Provided material:
+--
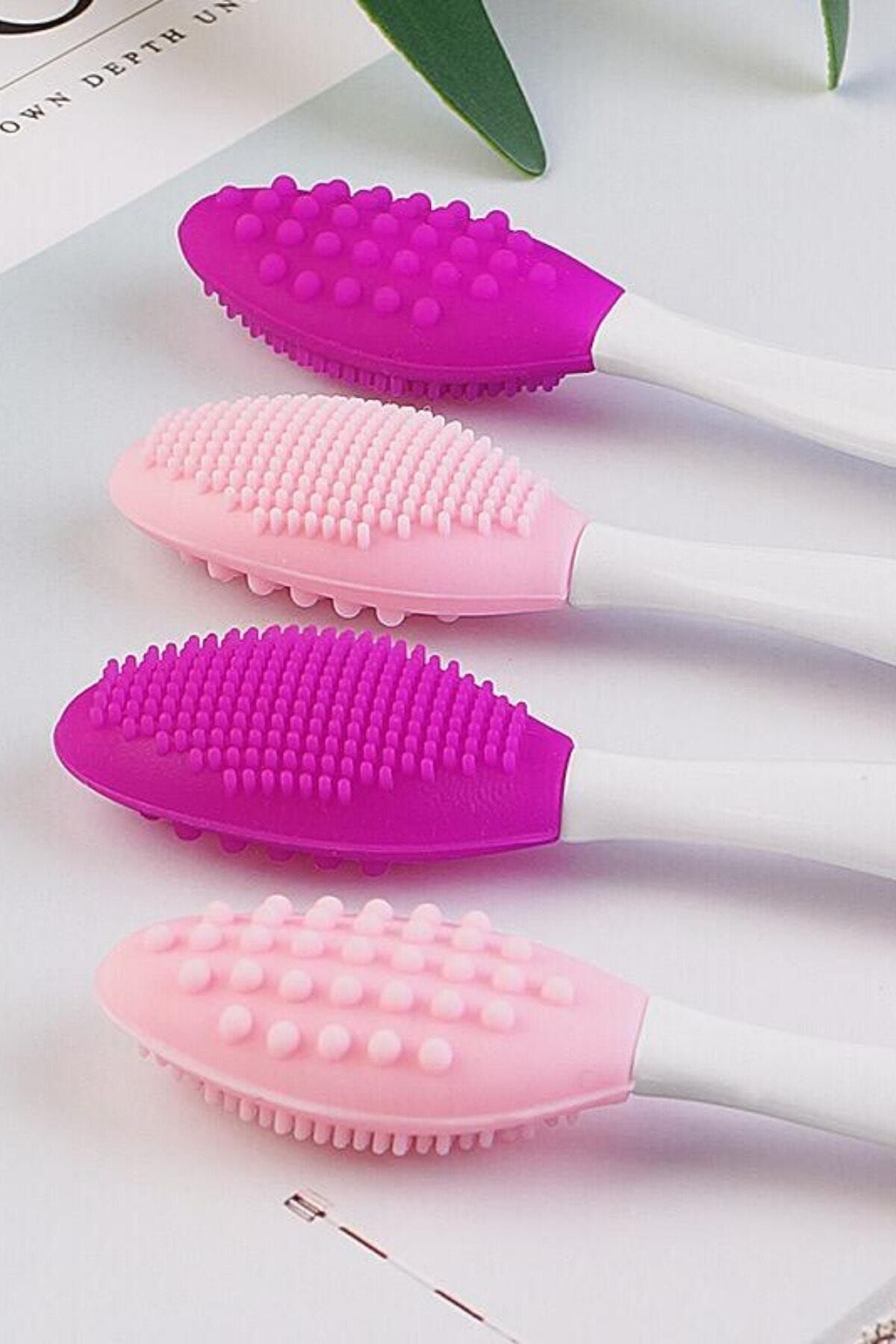 Rood Wit Burun Siyah Nokta Temizleyici Dudak Peeling Fırça - Koyu Pembe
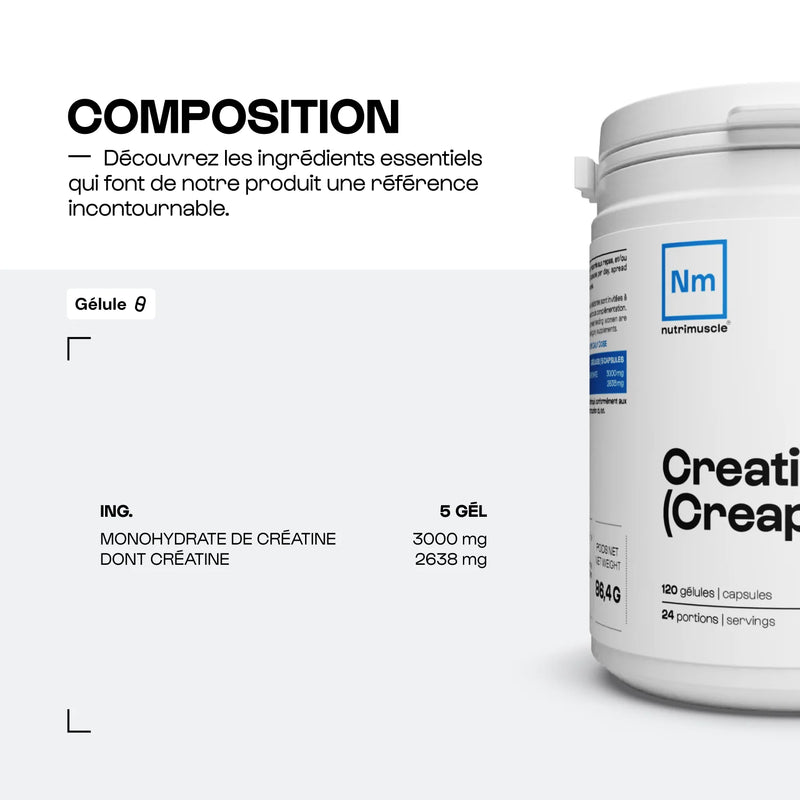 Créatine en Gélules Creapure® Nutrimuscle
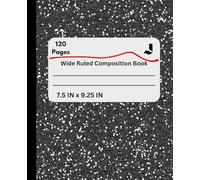 Marble Composition Book: Black Marble Cover, 120 wide-ruled White Paper Sheets, 7.5" x 9.25"-perfect for school, work, or on-the-go note-taking.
+--
What needs to be done: Output all data exactly, omitting images.

Your response:
 Rood Wit Burun Siyah Nokta Temizleyici Dudak Peeling Fırça - Koyu Pembe
 Créatine en Gélules Creapure® Nutrimuscle
 Marble Composition Book: Black Marble Cover, 120 wide-ruled White Paper Sheets, 7.5" x 9.25"-perfect for school, work, or on-the-go note-taking.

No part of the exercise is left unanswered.